Clothed, and as much in my right mind as possible after the arduous literary labours of the night before, I needed no urging, for Carton was an old friend of all the newspaper men. I joined Craig quickly in a hasty ride down-town in the rush hour.
On the table before the square-jawed, close-cropped, fighting prosecutor, whom I knew already after many a long and hard-fought campaign both before and after election, lay a little package which had evidently come to him in the morning’s mail by parcel-post.
“What do you suppose is in that, Kennedy?” he asked, tapping it gingerly. “I haven’t opened it yet, but I think it’s a bomb. Wait--I’ll have a pail of water sent in here so that you can open it, if you will. You understand such things.”
“No—no,” hastened Kennedy, “that’s exactly the wrong thing to do. Some of these modern chemical bombs are set off in precisely that way. No. Let me dissect the thing carefully. I think you may be right. It does look as if it might be an infernal machine. You see the evident disguise of the roughly written address?”
Carton nodded, for it was that that had excited his suspicion in the first place. Meanwhile, Kennedy, without further ceremony, began carefully to remove the wrapper of brown Manila paper, preserving everything as he did so. Carton and I instinctively backed away. Inside, Craig had disclosed an oblong wooden box.

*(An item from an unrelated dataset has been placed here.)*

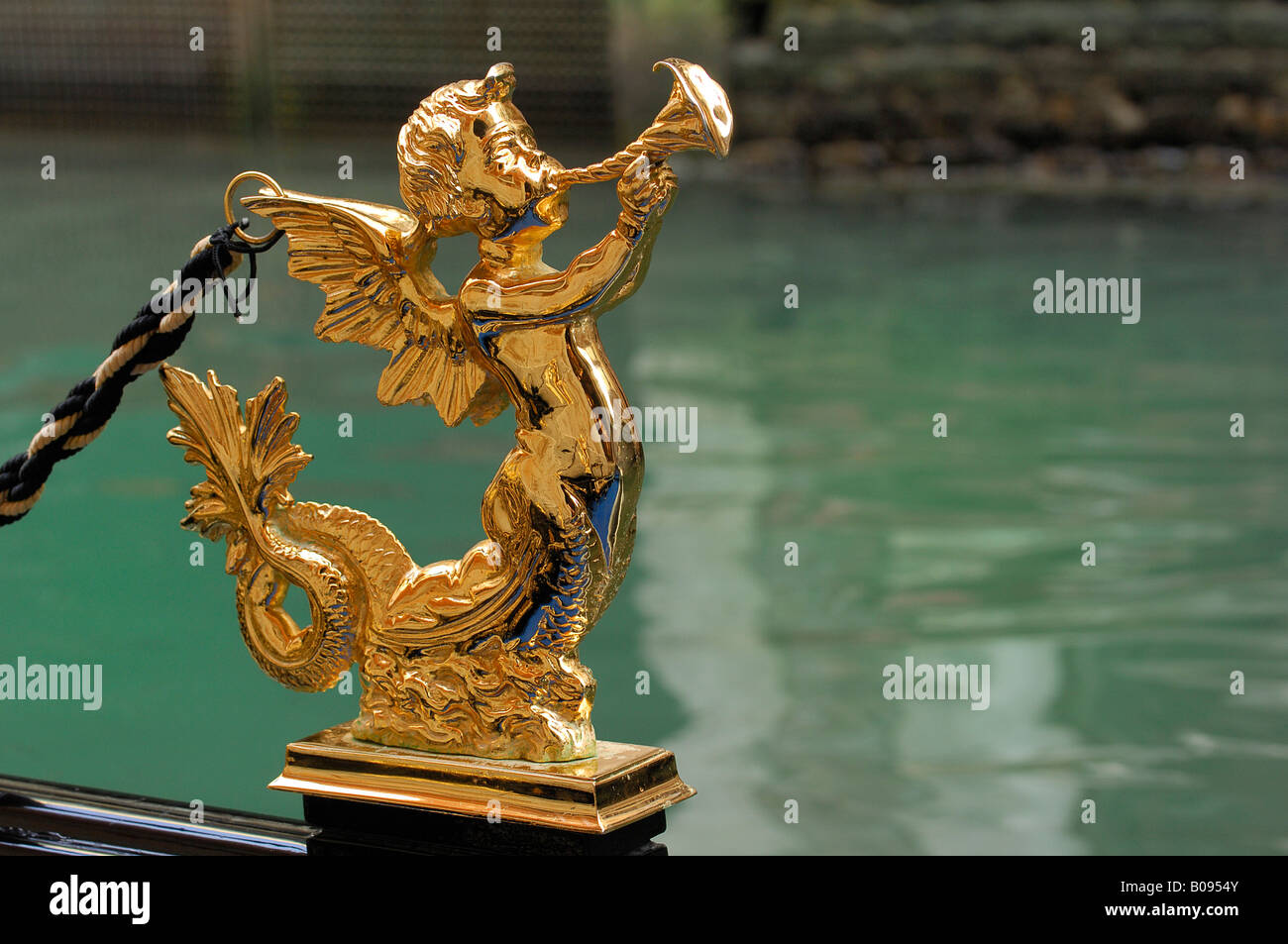Figure on a gondola, golden angel with trombone, Venice, Venetia, Italy Stock Photo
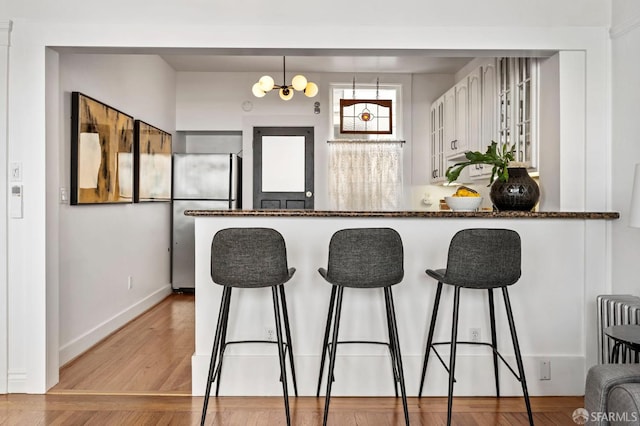 kitchen featuring light wood-style flooring, freestanding refrigerator, a peninsula, a kitchen bar, and white cabinetry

“I realise that opening a bomb is dangerous business,” he pursued slowly, engrossed in his work and almost oblivious to us, “but I think I can take a chance safely with this fellow. The dangerous part is what might be called drawing the fangs. No bombs are exactly safe toys to have around until they are wholly destroyed, and before you can say you have destroyed one, it is rather a ticklish business to take out the dangerous element.”

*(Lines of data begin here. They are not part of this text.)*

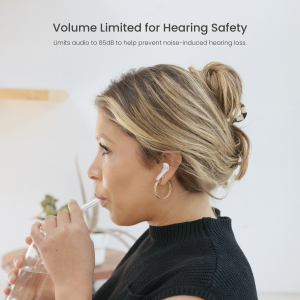 A young child wearing PuroQuiet Air true wireless headphones, smiling and listening comfortably in a bright, casual setting—highlighting safe, stylish audio use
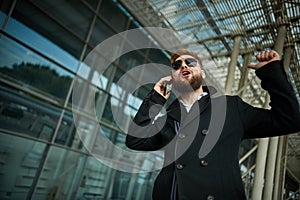 Urban business man in sunglasses talking smart phone traveling walking outside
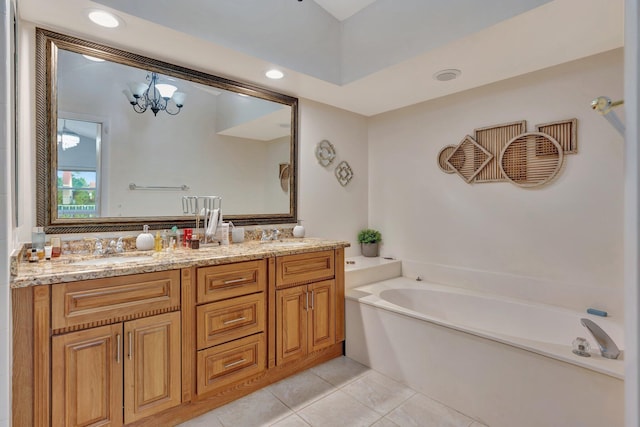 1048 Siena Oaks Cir E, Palm Beach Gardens, FL 33410 - bathroom with recessed lighting, an inviting chandelier, vanity, a bath, and tile patterned floors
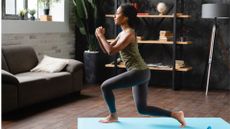 woman does a lunge exercise on mat at home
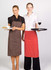 Two women wearing striped full bib aprons, one in brown and the other in red, holding food and drinks.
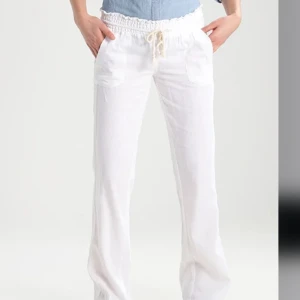 Roxy Vita linnebyxor  - Säljer ett par vita linnebyxor med resår och dragsko i midjan. Byxorna har raka ben, fickor fram och bak samt en avslappnad passform. Perfekta för varma dagar och enkel att matcha med olika toppar. Dem skulle bara behövas strykas så ser dem perfekt ut 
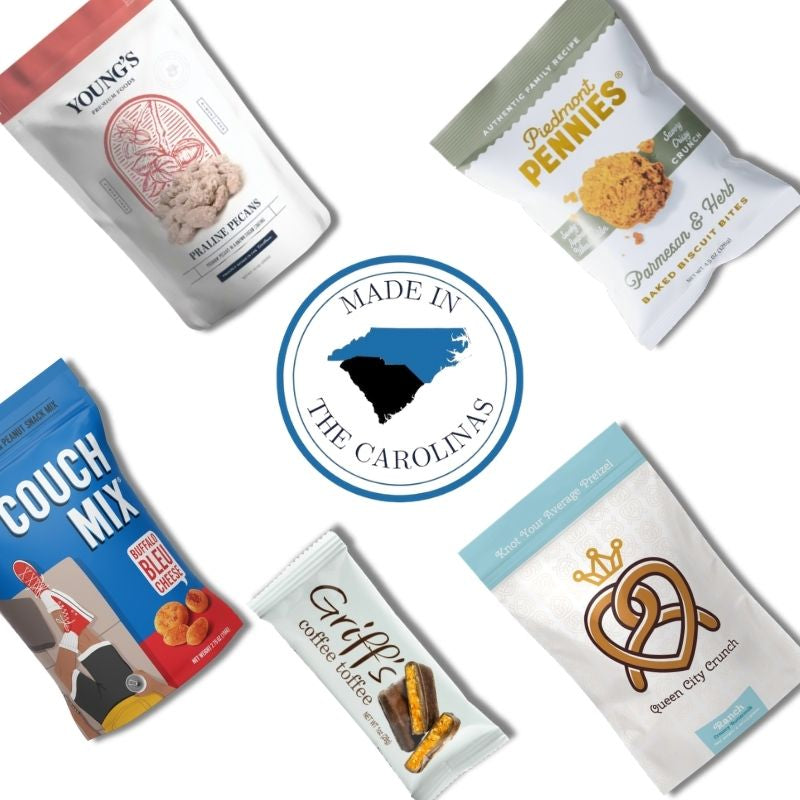 Gourmet items that are made in North and South Carolina in a flat lay around an emblem of the Carolinas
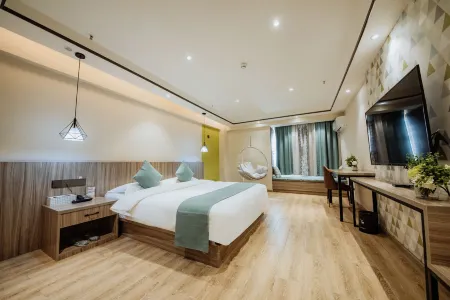 Yi Hu Hua Yuan Hotel Отели рядом с достопримечательностью «Yinchuan Han Meilin Art Museum»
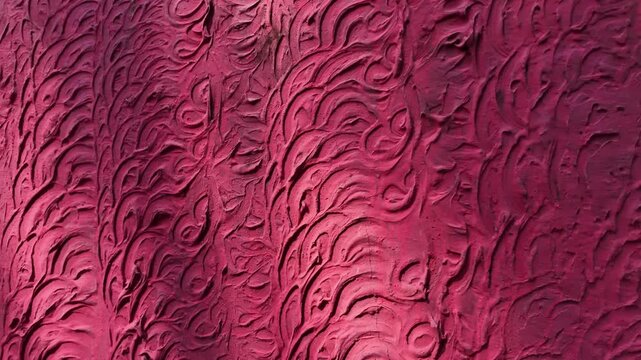 Abstract close-up shot panning along a vibrant pink textured concrete wall with swirling patterns under subtle afternoon shadows in a suburban recreational garden.
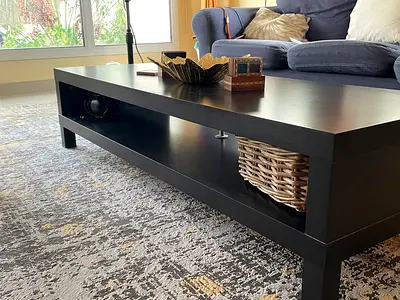 Dark wood rectangular coffee table with lower shelf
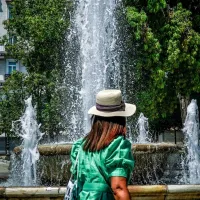 Γυναίκα περπατάει μπροστά από συντριβάνι εν μέσω καύσωνα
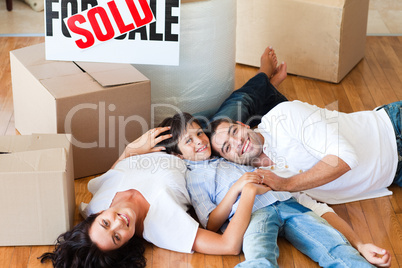 Parents and son moving house lying on floor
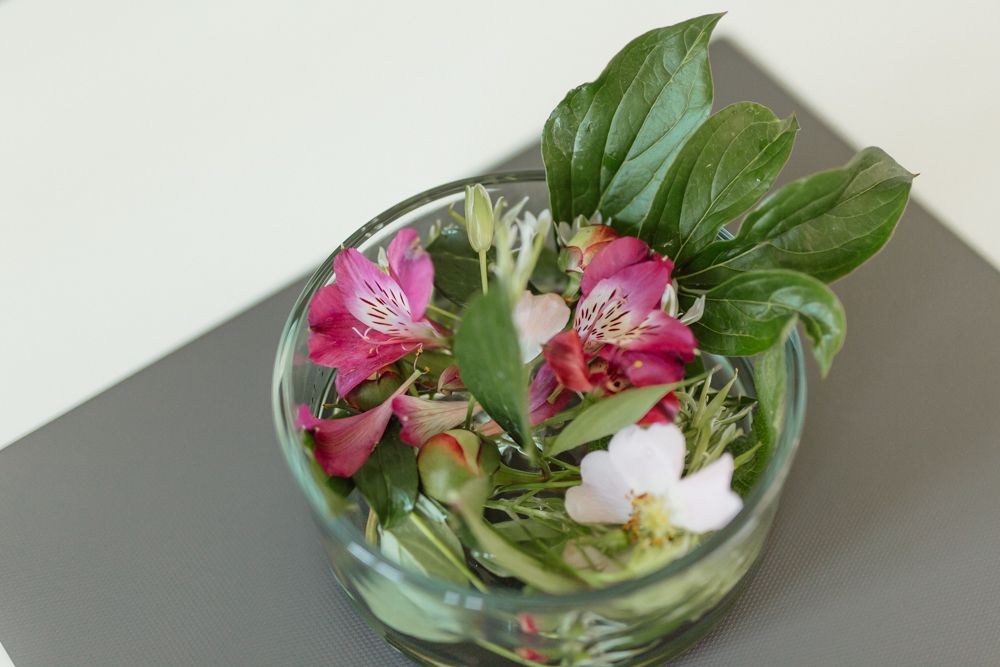 Ein Glasgefäß mit bunten Blumen und grünen Blättern auf einem Tisch.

He had removed the cover in the deftest manner without friction, and seemingly without disturbing the contents in the least. I do not pretend to know how he did it; but the proof was that we could see him still working from our end of the room.
On the inside of the cover was roughly drawn a skull and cross-bones, showing that the miscreant who sent the thing had at least a sort of grim humour. For, where the teeth should have been in the skull were innumerable match-heads. Kennedy picked them out with as much sang-froid as if he were not playing jackstraws with life and death.